Inside the International Socialist Organization’s Dissolution After a Rape Cover-Up
The story of precisely how and why the International Socialist Organization (ISO) decided to dissolve itself just shy of the 42-year anniversary of its founding in April 1977 remains something of a mystery to those outside its ranks. Perhaps this is because the group’s members themselves have not been able to fully understand, process, and make sense of the events that undid almost four decades of effort in just under two weeks.

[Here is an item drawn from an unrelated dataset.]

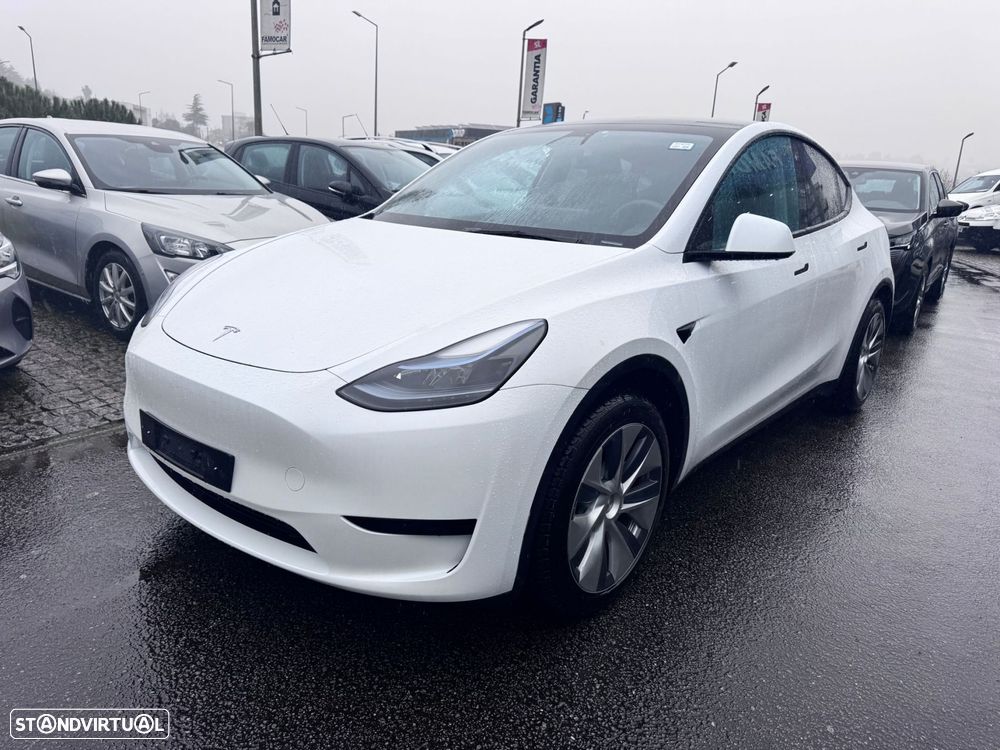 Tesla Model Y RWD - 3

Perhaps they have been too busy living the crisis and the attendant traumas to write about what happened in a way that outsiders can comprehend.

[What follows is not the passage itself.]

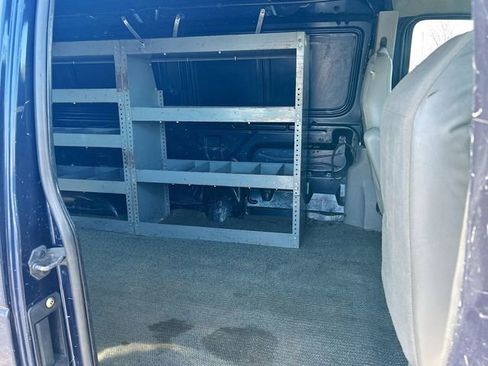 Used 2001 Ford E-350 and Econoline 350 Super Duty RWD image 29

Yet the lessons of the ISO’s demise are too important to remain a mystery, particularly given Democratic Socialists of America’s (DSA) ongoing #MeToo problems.

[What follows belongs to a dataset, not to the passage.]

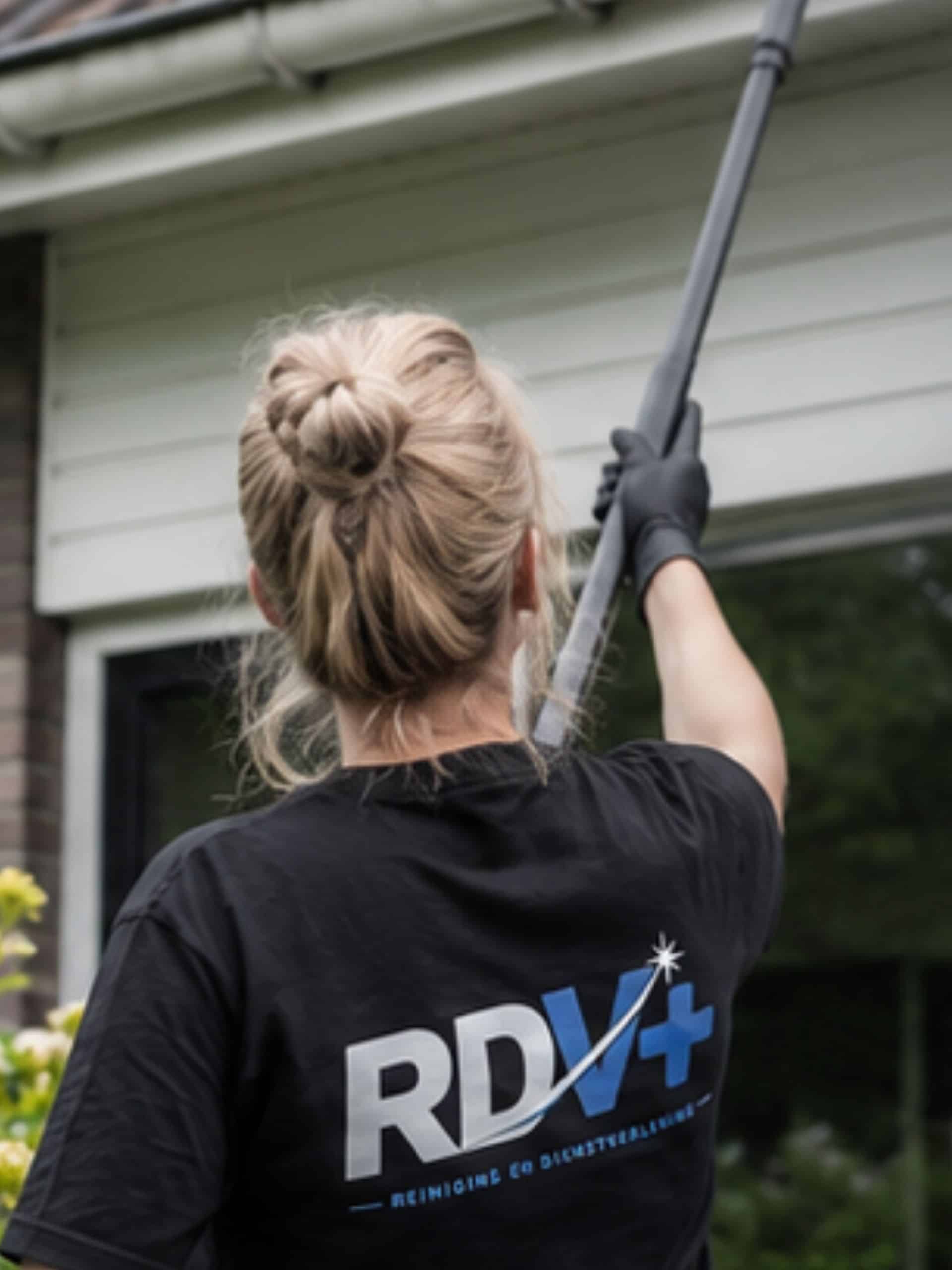 Kunststof reinigen RDV Plus Groningen dame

Earlier this year, the ISO’s annual convention passed historic organizational reforms and elected a national leadership (the Steering Committee or SC) of 21 people, the majority of whom had never served on the body before. This was unprecedented. As far as anyone knows, the ISO’s last competitive SC election was in 1983 when the group’s founding leaders, Cal and Barbara Winslow, were ousted in an effort driven by the British Socialist Workers Party — then the ISO’s “mothership.” Ahmed Shawki and Sharon Smith were installed in the Winslows’ place on the SC where they (and a handful of close allies like Paul D’Amato) would remain for the next 35 years.
In the year leading up to the ISO’s February 2019 convention, dissatisfaction with the organization’s internal regime and external practice became so widespread that the Steering Committee itself became divided into a pro-reform majority and an anti-reform minority centered around Smith, Shawki, and the 1980s old guard. So many resolutions and discussion pieces were submitted to members-only pre-convention discussion bulletins over a six-month period that the final result was 45 volumes amounting to nearly 1,200 pages.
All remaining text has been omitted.